Aim of the task:
With both ends included, repeat exactly the lines of the entries below from the one containing "Swanson Harbor tide" down to the one containing "生活技能大赛环节_生活技能比赛方案_生活技能大赛简报", and no others.

Provided material:
Start of Block
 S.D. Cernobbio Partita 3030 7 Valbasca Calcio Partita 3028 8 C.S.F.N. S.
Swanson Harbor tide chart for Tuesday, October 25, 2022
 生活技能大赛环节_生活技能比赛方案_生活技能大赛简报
End of Block
Start of Block
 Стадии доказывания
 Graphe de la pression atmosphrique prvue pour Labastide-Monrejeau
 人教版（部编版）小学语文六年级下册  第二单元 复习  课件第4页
End of Block
Start of Block
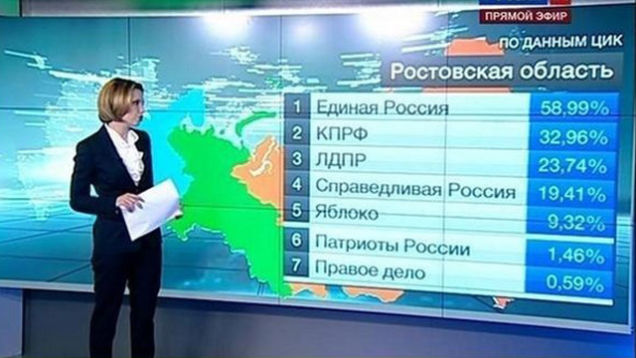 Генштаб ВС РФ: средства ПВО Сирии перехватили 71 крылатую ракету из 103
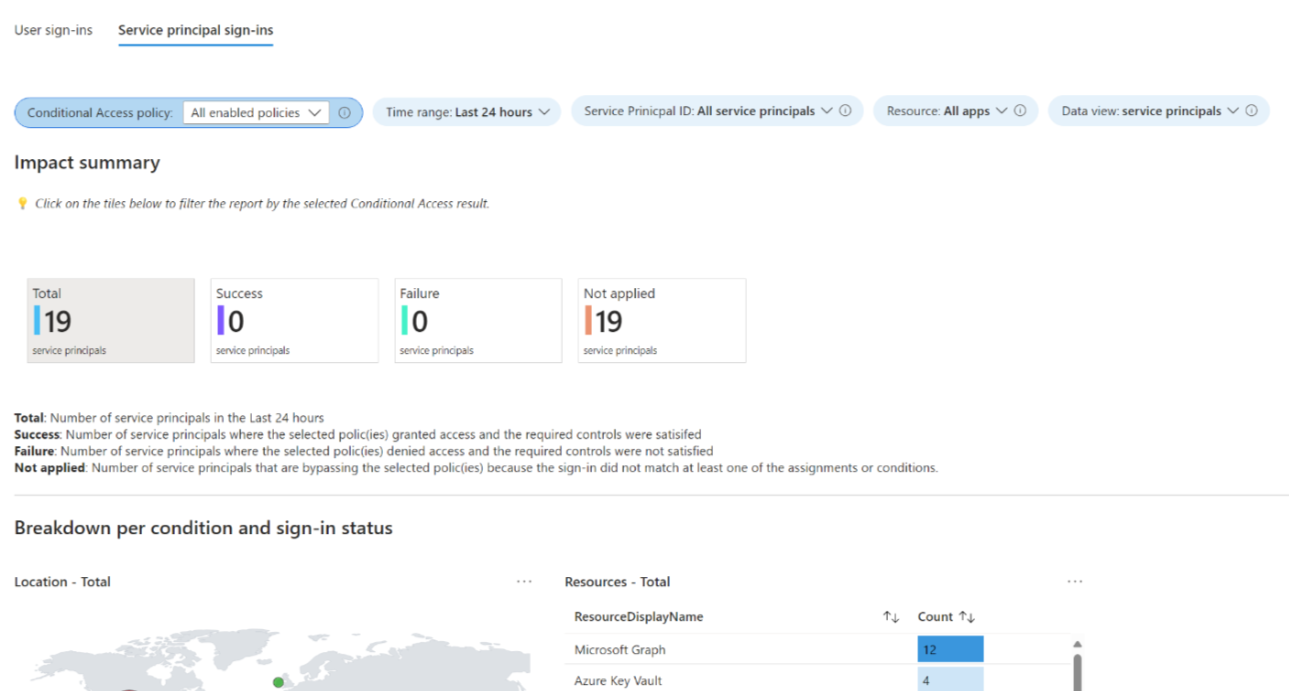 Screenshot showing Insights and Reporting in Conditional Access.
End of Block
Reply to the exercise:
Swanson Harbor tide chart for Tuesday, October 25, 2022
 生活技能大赛环节_生活技能比赛方案_生活技能大赛简报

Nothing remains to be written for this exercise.